Danielle Magnusson and Laura Cleaver share their co-authored project, The Trade in Rare Books and Manuscripts between Britain and America c. 1890-1929, which focuses on a period known as the 'Golden Age' of collecting. They focus on collectors, commercial trends, and nationalistic narratives, in particular, the widespread fear that wealthy Americans were draining England of its literary heritage. The authors compare the rhetoric with the reality of the book trade to explore how commercial activity responded to national identity within the period, and equally how commercial players contributed to the formation of major American cultural institutions, including the Morgan Library, the Folger Shakespeare Library, and the Huntington Library.
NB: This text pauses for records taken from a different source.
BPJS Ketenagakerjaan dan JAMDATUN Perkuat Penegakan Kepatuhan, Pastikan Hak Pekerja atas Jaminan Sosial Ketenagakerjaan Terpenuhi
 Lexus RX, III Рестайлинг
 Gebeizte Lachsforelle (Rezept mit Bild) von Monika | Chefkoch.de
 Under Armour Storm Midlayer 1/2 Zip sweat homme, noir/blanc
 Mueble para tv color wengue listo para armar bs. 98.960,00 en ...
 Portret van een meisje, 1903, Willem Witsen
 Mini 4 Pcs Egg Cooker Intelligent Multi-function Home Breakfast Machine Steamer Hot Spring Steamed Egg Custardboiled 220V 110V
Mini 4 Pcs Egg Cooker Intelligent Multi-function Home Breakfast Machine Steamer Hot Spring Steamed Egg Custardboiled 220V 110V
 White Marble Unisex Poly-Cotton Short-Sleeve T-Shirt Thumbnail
Kate Ozment discusses The Hroswitha Club and the Impact of Women Book Collectors, a study of a group of women collectors who met from 1944–2004 in the eastern United States. Despite the fame of individual members like Henrietta Bartlett or Mary Hyde Eccles, there has been no sustained study of the Club's work and legacy. This Element makes the group’s underappreciated history broadly accessible and focuses on how its members shared knowledge and expertise―and provided a space for legitimacy and self-growth during a time when women's access to formal education and academic institutions was limited.


 

Presenter

Laura Cleaver is Senior Lecturer in Manuscript Studies at the School of Advanced Study, University of London. Her research concentrates on illuminated manuscripts of the twelfth century and the trade in pre-modern books in the first half of the twentieth century.

Presenter

Kristen Highland is Assistant Professor and Interim Head of the Department of English at American University of Sharjah in the United Arab Emirates. Her research focuses broadly on the materiality of book cultures, with specific focuses on bookselling in American history and contemporary digital environments for reading and writing. Her work has appeared in Book History, Knygotyra, Higher Education Pedagogies, and the Oxford History of Popular Print Culture (2019). Highland was a 2013-14 Botein fellow at AAS.

Presenter

Danielle Magnusson is a Postdoctoral Researcher as part of the CULTIVATE MSS project at the Institute of English Studies, School of Advanced Study, University of London. She researches the history of book collecting and the early 20th century American antiquarian trade in English literature. She has an academic background in medieval literature, drama, and book history.

Presenter

Kate Ozment is Associate Professor of English at Cal Poly Pomona who specializes in early modern British literature (especially after the Restoration) with an emphasis on gender, race, sexuality, and colonialism. She is the co-editor of the Women in Book History Bibliography and contributes to the Women’s Print History Project. She has published in Eighteenth-Century Studies, Huntington Library Quarterly, Early Modern Women, and Digital Humanities Quarterly.